Keputusan menggelar Pilkada Serentak 2024 ada yang mengungkapkan kegembiraan dalam semangat memilih pemimpin yang tepat untuk memajukan bangsa Indonesia, ada juga yang menyatakan tidak percaya dengan penyelenggaraan pemilu serentak pada 2024 untuk mempertanyakan kemampuan Komisi Pemilihan Umum (KPU) dalam menyelenggarakan proses pemilu yang adil dan jujur. Ada juga masyarakat khawatir dengan situasi politik di Indonesia denga adanya pemilu serentak 2024 bisa menimbulkan konflik dan perpecahan di masyarakat. Sehingga kritikan sistem politik Indonesia yang dinilai masih rawan korupsi, pencucian uang, dan praktik curang lainnya, maka masyarakat berharap kepada KPU dan pemerintah bisa mendorong reformasi politik yang demokrasi lebih baik agar pemilu serentak 2024 berjalan dengan lancar dan terpilih pemimpin betul-betul mau memajukan daerahnya masing-masing.
Karena kita tahu semenjak Indonesia merdeka belum pernah ada pilkada serentak seperti akan dilaksanakan tahun 2024 ini, maka wajarlah berbagai macam kekhawatiran masyarakat terhadap kualitas pilkada tersebut dan akan merusak kualitas demokrasi serta menimbulkan disharmoni kebijakan pembangunan daerah yang salah satu prasyarat negara demokratis yakni terjadi pertukaran elite berkuasa/kepala daerah secara penuh dalam 1 periode selama 5 tahun. Akibat pilkada serentak ini akan banyak kepala daerah tersakiti karena masa jabatannya berkurang karena ingin pilkada serentak.
Sebagaimana menurut Ketua Komisi Pemilihan Umum (KPU) RI Mochammad Afifuddin menyampaikan, ada 1.557 pasangan calon yang berkontestasi pada Pilkada 2024. Adapun rinciannya, terdapat 103 pasangan calon (paslon) gubernur dan wakil gubernur, 1.169 paslon bupati dan wakil bupati serta 285 paslon wali kota dan wakil wali kota.
Pilkada serentak ini perlu adanya pendidikan politik dalam kehidupan masyarakat, agar penerapan konsep demokrasi adanya kebebasan masyarakat dalam memilih pimpinan yang terbaik di daerahnya.

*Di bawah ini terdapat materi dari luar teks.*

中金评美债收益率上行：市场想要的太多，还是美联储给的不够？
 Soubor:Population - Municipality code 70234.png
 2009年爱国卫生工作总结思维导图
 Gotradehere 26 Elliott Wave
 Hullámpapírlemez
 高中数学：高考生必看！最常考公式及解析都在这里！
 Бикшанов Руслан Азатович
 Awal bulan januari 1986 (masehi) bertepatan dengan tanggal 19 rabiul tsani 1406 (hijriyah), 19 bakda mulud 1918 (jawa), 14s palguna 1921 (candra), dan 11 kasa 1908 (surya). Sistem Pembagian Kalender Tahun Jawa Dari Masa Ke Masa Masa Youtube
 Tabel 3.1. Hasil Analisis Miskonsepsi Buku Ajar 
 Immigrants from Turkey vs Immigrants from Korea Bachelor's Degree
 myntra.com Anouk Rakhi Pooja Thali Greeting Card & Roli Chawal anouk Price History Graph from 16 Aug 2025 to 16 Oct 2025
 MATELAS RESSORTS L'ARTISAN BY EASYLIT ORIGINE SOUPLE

Untuk itu pilkada serentak ini agar tidak merusak kualitas demokrasi di masyarakat dalam menentukan pilihannya, sehingga akan menghasilkan pemimpin yang benar-benar diinginkan masyarakat bukan yang diinginkan oleh kekuatan tertentu, misalnya keinginan penguasa atau pemegang kekuatan ekonomi yang mana masyarakat terhifnotis untuk memilih pasangan yang bukan dikehendaki.